Information provided -

====================

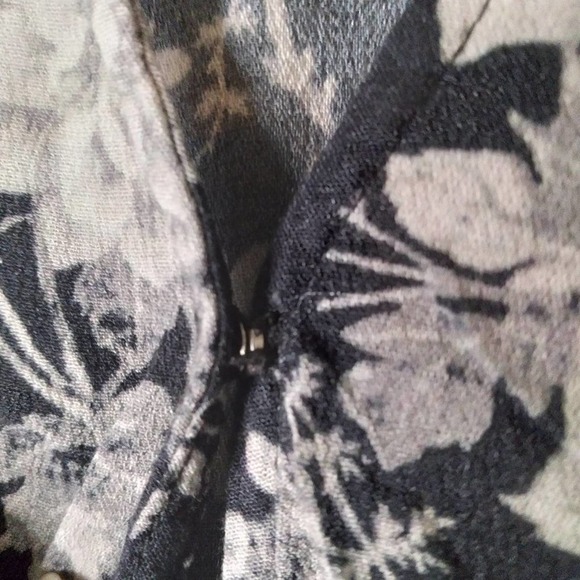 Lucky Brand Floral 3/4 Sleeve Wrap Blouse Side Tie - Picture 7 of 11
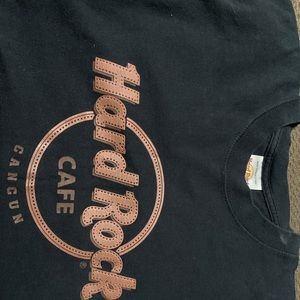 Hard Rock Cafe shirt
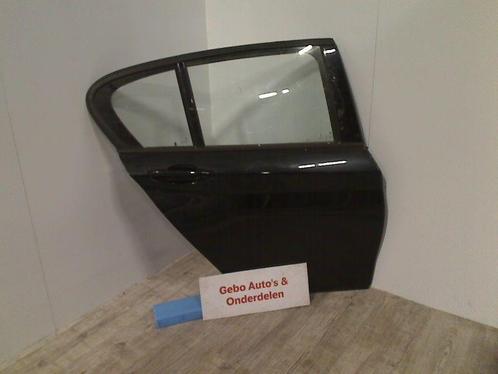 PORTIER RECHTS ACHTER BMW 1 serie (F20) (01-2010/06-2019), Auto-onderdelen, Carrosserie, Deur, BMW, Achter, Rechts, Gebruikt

====================

Brief -
Repeat the listing word for word, omitting the pictures.

Task answer -
 Lucky Brand Floral 3/4 Sleeve Wrap Blouse Side Tie - Picture 7 of 11
 Hard Rock Cafe shirt
 PORTIER RECHTS ACHTER BMW 1 serie (F20) (01-2010/06-2019), Auto-onderdelen, Carrosserie, Deur, BMW, Achter, Rechts, Gebruikt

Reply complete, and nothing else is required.